Founded on Local Vision: Reforming Building Schools for the Future

January 19, 2009   By nlgn

Founded on Local Vision: Reforming Building Schools for the FutureLocal areas should be allowed greater discretion in the way they design and build new schools, according to a new report by NLGN. The paper argues for central bodies to loosen their hold on the reins of the Government’s £45 billion Building Schools for the Future programme so that schools, parents, pupils and elected representatives can shape the future of their communities and education.

The report argues that the next generation of schools have the potential to impact positively on a whole range of local challenges, from personalised learning, to the local economy, up-skilling the population, integrating health and other services.
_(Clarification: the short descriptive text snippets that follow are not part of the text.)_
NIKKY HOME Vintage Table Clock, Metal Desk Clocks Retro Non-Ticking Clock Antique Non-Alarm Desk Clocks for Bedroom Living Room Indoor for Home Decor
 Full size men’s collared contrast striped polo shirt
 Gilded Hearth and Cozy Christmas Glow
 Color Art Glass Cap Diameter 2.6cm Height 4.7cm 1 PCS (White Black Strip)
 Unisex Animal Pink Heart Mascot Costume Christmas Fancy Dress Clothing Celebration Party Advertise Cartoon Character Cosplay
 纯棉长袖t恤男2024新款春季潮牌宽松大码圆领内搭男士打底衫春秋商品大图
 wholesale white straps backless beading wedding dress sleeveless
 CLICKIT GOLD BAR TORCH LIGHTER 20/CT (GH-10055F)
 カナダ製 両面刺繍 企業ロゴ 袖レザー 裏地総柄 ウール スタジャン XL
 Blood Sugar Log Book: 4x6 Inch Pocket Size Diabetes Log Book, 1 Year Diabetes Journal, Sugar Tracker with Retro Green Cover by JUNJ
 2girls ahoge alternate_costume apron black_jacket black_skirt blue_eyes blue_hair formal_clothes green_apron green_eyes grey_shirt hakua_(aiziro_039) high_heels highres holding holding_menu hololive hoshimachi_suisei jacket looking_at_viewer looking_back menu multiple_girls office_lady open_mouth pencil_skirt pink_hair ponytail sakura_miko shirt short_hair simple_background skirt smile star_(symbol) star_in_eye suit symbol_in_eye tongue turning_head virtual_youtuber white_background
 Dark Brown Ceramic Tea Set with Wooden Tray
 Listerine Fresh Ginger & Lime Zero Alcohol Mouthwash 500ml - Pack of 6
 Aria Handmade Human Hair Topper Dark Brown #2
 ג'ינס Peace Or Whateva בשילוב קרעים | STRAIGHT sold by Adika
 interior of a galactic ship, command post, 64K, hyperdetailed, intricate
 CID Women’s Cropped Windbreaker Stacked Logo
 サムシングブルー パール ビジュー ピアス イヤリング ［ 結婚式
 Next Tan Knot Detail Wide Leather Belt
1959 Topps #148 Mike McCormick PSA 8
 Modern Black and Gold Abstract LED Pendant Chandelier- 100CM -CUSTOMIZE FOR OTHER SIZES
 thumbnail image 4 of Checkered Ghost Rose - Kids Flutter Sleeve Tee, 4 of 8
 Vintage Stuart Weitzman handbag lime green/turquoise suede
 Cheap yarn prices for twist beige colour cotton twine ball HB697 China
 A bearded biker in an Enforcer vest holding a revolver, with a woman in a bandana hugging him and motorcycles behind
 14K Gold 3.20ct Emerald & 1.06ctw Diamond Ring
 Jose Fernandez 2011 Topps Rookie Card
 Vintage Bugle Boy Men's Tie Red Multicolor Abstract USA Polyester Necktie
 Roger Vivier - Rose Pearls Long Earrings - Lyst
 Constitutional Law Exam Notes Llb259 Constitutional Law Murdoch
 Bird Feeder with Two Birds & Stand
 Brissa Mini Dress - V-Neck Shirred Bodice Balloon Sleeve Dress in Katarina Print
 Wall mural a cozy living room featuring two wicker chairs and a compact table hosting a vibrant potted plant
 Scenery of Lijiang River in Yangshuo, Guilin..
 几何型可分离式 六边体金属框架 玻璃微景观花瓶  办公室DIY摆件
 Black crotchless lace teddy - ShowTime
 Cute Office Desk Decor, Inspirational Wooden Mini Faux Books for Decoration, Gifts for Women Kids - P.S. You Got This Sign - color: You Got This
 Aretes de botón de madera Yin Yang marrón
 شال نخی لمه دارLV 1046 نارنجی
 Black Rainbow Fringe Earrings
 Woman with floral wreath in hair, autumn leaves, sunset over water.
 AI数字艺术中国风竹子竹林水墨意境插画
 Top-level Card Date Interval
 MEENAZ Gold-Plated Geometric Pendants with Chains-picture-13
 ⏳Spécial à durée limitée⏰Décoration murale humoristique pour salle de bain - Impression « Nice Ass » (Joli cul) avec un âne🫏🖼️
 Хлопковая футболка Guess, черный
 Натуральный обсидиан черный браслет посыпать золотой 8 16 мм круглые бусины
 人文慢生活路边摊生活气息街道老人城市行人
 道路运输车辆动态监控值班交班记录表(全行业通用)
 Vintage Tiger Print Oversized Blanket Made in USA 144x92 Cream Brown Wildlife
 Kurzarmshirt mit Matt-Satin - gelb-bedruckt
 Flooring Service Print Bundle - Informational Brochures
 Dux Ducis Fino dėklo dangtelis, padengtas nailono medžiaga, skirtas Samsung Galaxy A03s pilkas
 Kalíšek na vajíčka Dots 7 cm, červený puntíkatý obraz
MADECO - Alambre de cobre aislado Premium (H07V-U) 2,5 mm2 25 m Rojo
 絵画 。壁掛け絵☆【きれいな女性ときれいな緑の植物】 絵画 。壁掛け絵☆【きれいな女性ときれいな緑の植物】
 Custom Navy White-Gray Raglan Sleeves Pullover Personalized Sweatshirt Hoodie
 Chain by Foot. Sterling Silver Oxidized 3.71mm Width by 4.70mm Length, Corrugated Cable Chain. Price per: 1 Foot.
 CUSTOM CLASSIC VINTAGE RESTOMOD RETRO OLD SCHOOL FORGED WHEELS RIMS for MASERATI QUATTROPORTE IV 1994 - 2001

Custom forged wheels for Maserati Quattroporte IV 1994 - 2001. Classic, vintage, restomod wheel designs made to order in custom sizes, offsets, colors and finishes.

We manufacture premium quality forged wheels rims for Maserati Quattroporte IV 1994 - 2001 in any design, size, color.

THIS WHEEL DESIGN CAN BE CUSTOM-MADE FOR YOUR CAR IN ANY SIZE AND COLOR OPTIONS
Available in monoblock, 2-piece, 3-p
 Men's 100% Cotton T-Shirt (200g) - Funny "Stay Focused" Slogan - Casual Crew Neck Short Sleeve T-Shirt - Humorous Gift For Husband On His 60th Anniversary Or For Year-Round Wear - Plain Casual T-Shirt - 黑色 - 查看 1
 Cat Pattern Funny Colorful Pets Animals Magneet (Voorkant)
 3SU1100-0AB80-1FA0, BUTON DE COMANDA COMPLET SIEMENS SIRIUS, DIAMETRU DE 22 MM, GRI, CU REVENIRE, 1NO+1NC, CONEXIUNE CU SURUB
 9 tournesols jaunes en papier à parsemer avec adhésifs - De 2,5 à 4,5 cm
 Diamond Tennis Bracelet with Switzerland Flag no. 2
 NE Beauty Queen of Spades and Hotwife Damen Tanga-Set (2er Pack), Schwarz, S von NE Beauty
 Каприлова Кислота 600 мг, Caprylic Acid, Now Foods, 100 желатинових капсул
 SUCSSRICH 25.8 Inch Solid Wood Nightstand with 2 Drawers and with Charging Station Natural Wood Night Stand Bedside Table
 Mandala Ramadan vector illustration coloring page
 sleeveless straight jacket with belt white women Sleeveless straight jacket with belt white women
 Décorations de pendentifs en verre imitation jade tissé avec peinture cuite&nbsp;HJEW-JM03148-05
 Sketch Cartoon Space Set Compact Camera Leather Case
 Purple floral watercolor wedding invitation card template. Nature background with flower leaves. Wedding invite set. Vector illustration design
However, the central nature of the programme and its procurement procedures means that opportunities to harness these local benefits are not always realised, the report argues. Concerns centre on the prioritisation of resources, delays in the programme and the design of the new schools. There is considerable scope to devolve decision-making to local people and elected representatives so that wider strategic goals can be met. While recent reforms to the procurement procedures are welcomed, the thinktank suggests that more reforms are necessary.

The report argues:

  • for wider community goals to play a more central role in the programme, by tying in projects with wider Sustainable Community Strategies, Local Area Agreements and, where relevant, Multi Area Agreements;
  • recommends a more pivotal role for Local Strategic Partnerships in the process and putting Leaders of Council at the head of delivery bodies;
  • suggests new freedoms to allow local authorities to design and pilot their own procurement procedures and to make better use of the potential of sub-regional partnerships through Multi Area Agreements.
  • asks that central prescription of design processes to be minimal so that local innovation and variation can thrive.

Author of Founded on Local Vision and Senior Researcher at NLGN, Nigel Keohane said:

‘Currently the mechanisms for delivering the BSF policy hamper the local vision and strategic integration that are necessary to make these new buildings transform their environments and their pupils. Government should look to remove central prescription so that local input is allowed to come to the fore.

‘This new generation of schools can have a positive impact not only on the learning environment, but also on a local community’s skills profile, regeneration projects, leisure and civic life, even on health issues and congestion. But, these are very complex interrelated policy areas and this thinking can only occur by joining-up strategy at the local level.’